Тут наконец опомнилась молча ходившая за мной по пятам Ирка.
– Оль, – взяла она меня за локоть, – пошли отсюда.
– Да, – согласилась я, – пожалуй, можно уже уходить. Все, что можно было узнать от посещения этой берлоги, я уже узнала.
Мы молча двинулись к выходу.
Выйдя вслед за Иркой на лестничную клетку, я аккуратно прикрыла дверь, и мы поднялись пешком на свой пятый этаж. Когда за нами закрылась дверь, Ирка, видимо, почувствовав себя на своей территории, вновь осмелела.
– Ну, и скажи мне на милость, какого хрена мы поперлись в эту конуру на втором этаже?
– Мы узнали очень важную вещь, – буркнула я в ответ, снимая туфли, и, сунув ноги в тапочки, сразу же отправилась в свою комнату. Настроение у меня было далеко не самое лучшее, и мне хотелось побыть одной. Но Ирка не собиралась оставлять меня в одиночестве.
Уже через минуту она появилась в моей комнате, застегивая на ходу халат.
– Ну, позволь узнать, какую же важную информацию ты получила, роясь в сумке этого, как его, Канарейкина?
Я молча натянула домашние шорты и, сняв лифчик, надела легкую футболку. Убрав вещи в шкаф, я решила, что довольно тянуть паузу, и ответила уже начавшей терять терпение подруге.
– Он в плену или убит, – коротко и категорично констатировала я.
– С чего это вдруг ты делаешь такие выводы? – несколько опешила Ирка.
– С того, что будь он на свободе или жив, он вернулся бы за своей аппаратурой.
– Но ведь тела не обнаружили, – парировала Ирка, – сама говорила.
– Тело могли скрыть, но давай думать, что он жив. По крайней мере, мне так комфортнее, – сказала я.

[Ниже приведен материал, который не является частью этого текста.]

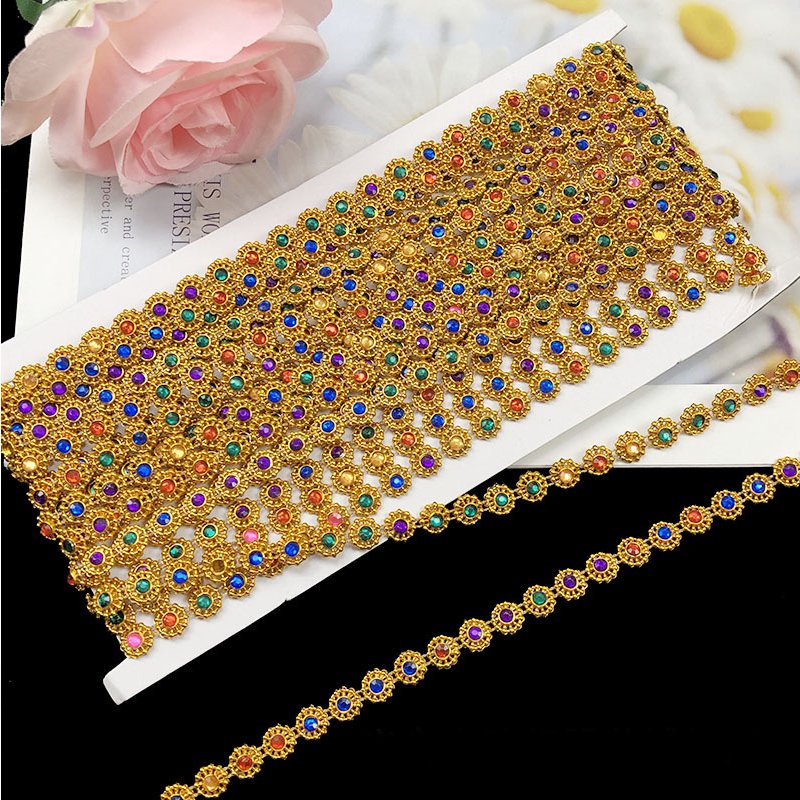Wholesale Plum Blossom Plastic Rhinestone Trim for Silver/Gold Plating Sew-on Decorative Chain for Shoes and Garments
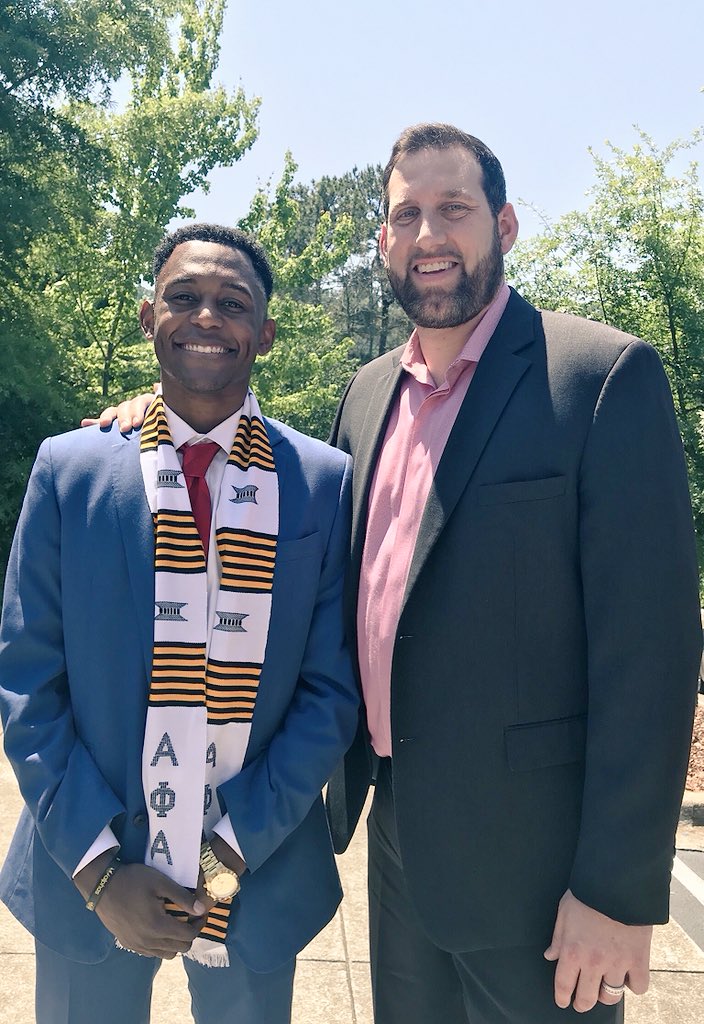 SamfordMBB's tweet photo. A HUGE congratulations to these three for graduating from @SamfordU this morning! @ericadams241, @AlexPeters9 &amp; @iAmLegend_25, we are so proud of you!! #FOE https://t.co/wAc2vhqQgj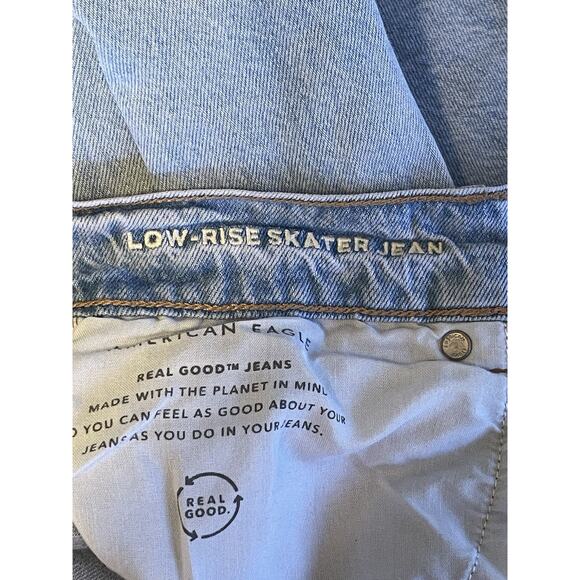 American Eagle Women's Size 12 Low-Rise Skater Jean Wide Leg Blue Denim W34 L30 - Picture 10 of 13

– А зачем ему возвращаться из-за какой-то аппаратуры? – не унималась Ирка. – Здесь же могла быть засада!
– Он мог прийти сюда вместе с ментами, наврав им что-нибудь. А аппаратура, насколько я понимаю, у него дорогая. Один фотоаппарат «Nikon» несколько тысяч стоит.

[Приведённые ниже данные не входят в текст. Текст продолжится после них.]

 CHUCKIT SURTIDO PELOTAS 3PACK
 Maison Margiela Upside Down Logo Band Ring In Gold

– Откуда это ты все знаешь? – недоверчиво спросила Ирка.
– В школе фотографией увлекалась, даже в фотокружок ходила в восьмом-девятом классах.
Ирка несколько секунд размышляла над моими словами, после чего круто сменила тему:
– В общем, так: я устала от этих бесконечных базаров о фотографе. Я есть хочу, а сегодня, между прочим, твоя очередь готовить.

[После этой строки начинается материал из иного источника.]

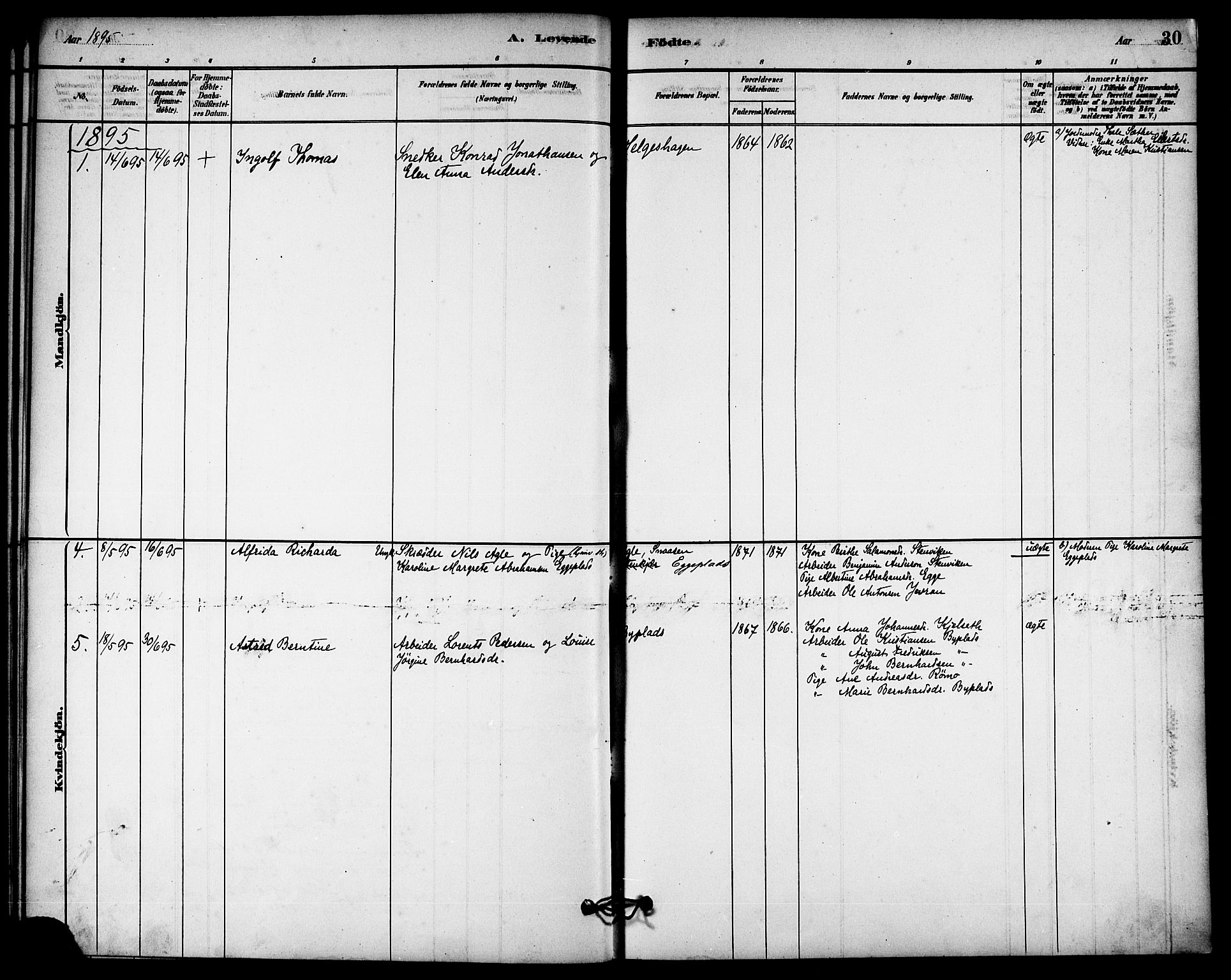 Ministerialprotokoller, klokkerbøker og fødselsregistre - Nord-Trøndelag, SAT/A-1458/740/L0378: Parish register (official) no. 740A01, 1881-1895, p. 30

Вечером мы ужинали в зале за просмотром какого-то скучного детектива. На ужин я пожарила картошки и вскрыла последнюю банку маминых малосольных огурцов. Мать, зная о моей любви к соленьям, постоянно тащила с собой эти тяжелые банки, когда приезжала навестить меня. Я пыталась протестовать, просила маму больше не надрываться, но в душе всегда была очень рада этим подаркам.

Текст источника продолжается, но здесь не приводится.